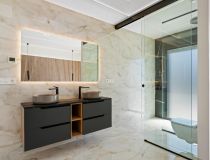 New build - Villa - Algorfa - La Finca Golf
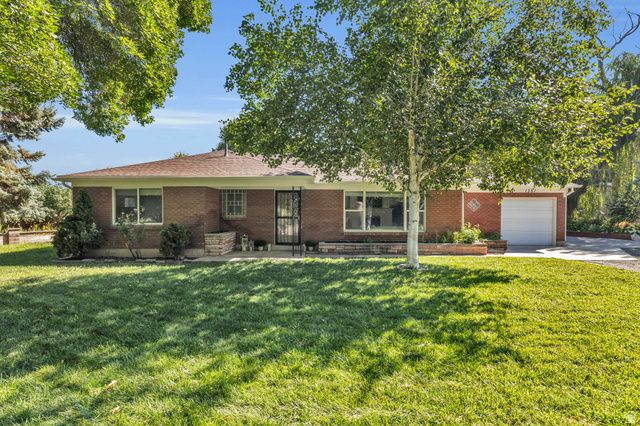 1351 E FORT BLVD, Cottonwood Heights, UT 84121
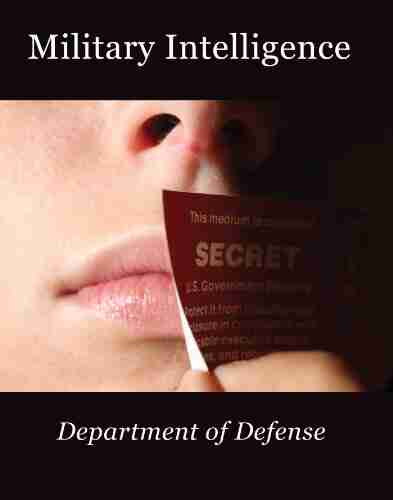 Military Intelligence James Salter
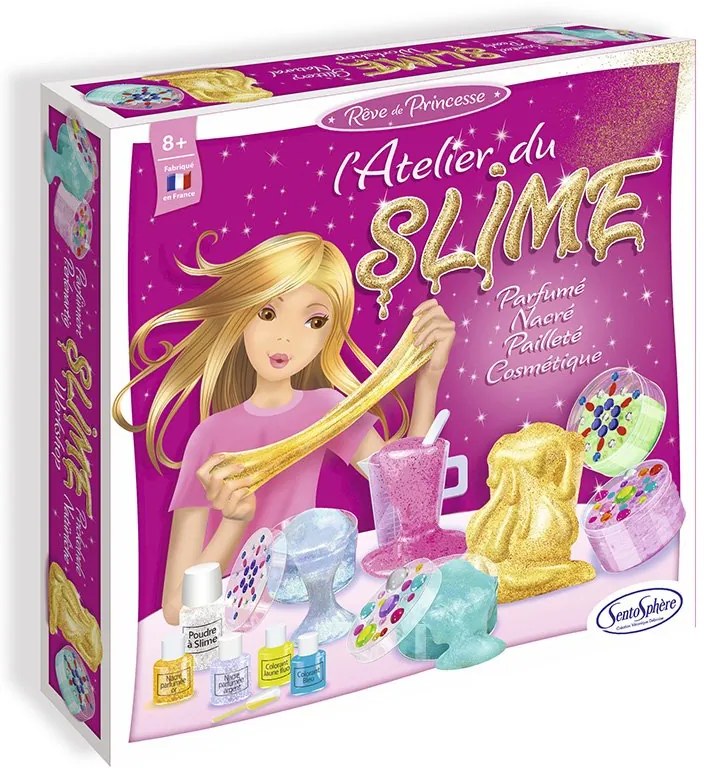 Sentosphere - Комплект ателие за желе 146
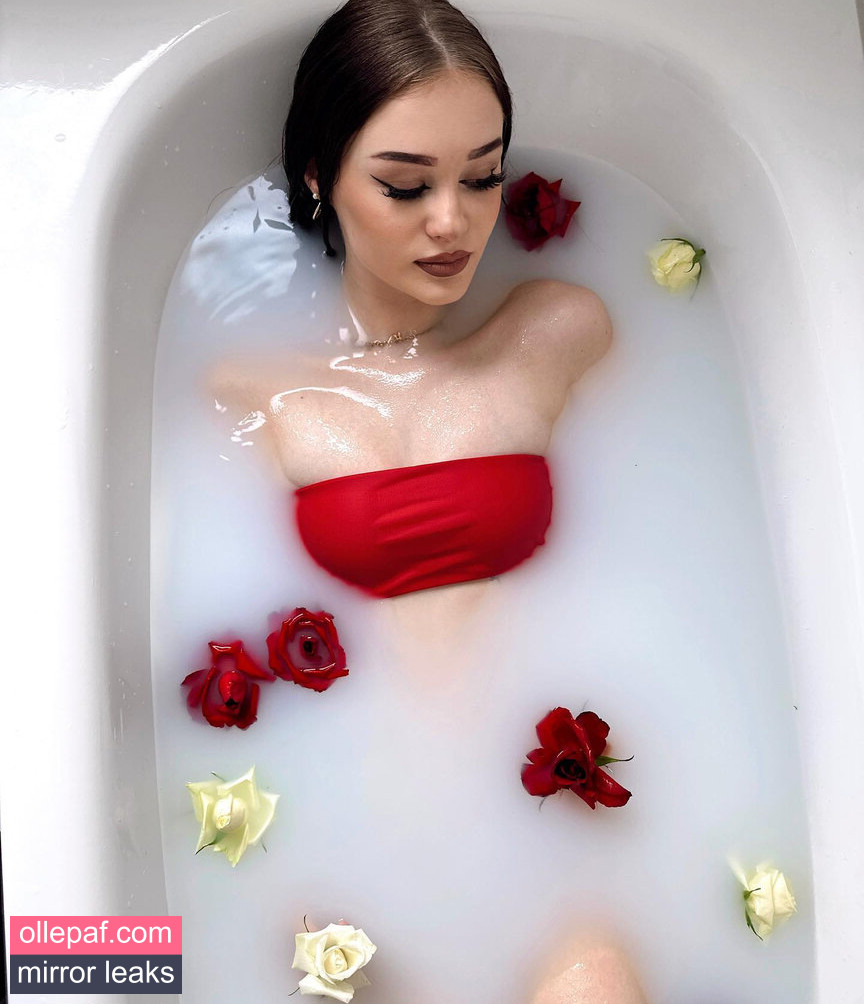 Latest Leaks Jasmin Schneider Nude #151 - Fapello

==============================

§ THE TASK: What you print must match the entries exactly, except that no pictures appear.

§ SOLUTION TO THIS EXERCISE:
 New build - Villa - Algorfa - La Finca Golf
 1351 E FORT BLVD, Cottonwood Heights, UT 84121
 Military Intelligence James Salter
 Sentosphere - Комплект ателие за желе 146
 Latest Leaks Jasmin Schneider Nude #151 - Fapello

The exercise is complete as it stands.